Does rpm slow down at the same rate that velocity slows down? The only info that I know of is that it takes a certain bullet stabilization factor, depending on the length of the bullet. That it takes less stabilization for longer ranges, but that a bullet w/ proper stabilization for 500yrds and beyond will not function well for hunting under 500yrds. The longer the bullet gets the more critical this becomes because of the issue of tumbling on impact. In my simple mind, the more spin the better. I know this doesn't work, but it seems that way. I know some bullets will come apart due to centrifugal force if over ratated.
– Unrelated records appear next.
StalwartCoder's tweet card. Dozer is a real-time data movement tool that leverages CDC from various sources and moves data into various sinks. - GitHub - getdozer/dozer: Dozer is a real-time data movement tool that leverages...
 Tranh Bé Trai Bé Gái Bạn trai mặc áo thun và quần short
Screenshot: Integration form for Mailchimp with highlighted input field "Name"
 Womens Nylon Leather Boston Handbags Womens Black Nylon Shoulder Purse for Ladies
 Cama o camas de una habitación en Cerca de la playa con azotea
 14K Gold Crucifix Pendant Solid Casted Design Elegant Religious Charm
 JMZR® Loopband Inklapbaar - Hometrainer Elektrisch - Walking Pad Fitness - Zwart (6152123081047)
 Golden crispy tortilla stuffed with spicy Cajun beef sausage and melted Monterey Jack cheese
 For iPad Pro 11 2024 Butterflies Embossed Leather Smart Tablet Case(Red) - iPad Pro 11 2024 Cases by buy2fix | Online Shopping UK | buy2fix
I am getting a little long winded for a short question. How much rpm is lost per yard down range?
What I've heard is that rpms don't drop much with distance. There's not much to slow down the spin other than the roughness of rifling engraved on the bullet. Would seem to be a pretty hard number to measure. But guess you could use a high speed camera.
I'm thinking it's important to get the needed rpm out the muzzle. When the speed has dropped to half muzzle velocity, the rpm is probably much above half. That's my thought anyway.
Last edited by Varminator 911; 08-09-2008 at 12:14 PM.
My take from reading the discussion AJ posted is that most believe that spin slows very very little with distance. This is probably especially true for a long streamlined bullet like the HAT. But there were no absolute numbers given probably because they would be very hard to obtain and aren't significant enough to affect anything. My take is that the decay in rpm over 1000 yds is probably less than 1 percent and certainly much less than the loss in velocity.
You need to read the discussion AJ posted. Because the forward speed decays much faster than the spin, as the bullet travels away from the muzzle, the bullet will spin increasingly faster than 1 revolution per 10 inches. The rpm stays nearly unchanged while the forward speed rapidly decreases.
Pretty simple really, but not important.
With regards to bullet testing, it is important that the necessary spin be imparted at the muzzle. Spin is a combination of twist and muzzle velocity. You need an adequate mix of both to stabilize the bullet. The bullet remains stable downrange because the rpm remain virtually unchanged as the velocity decreases.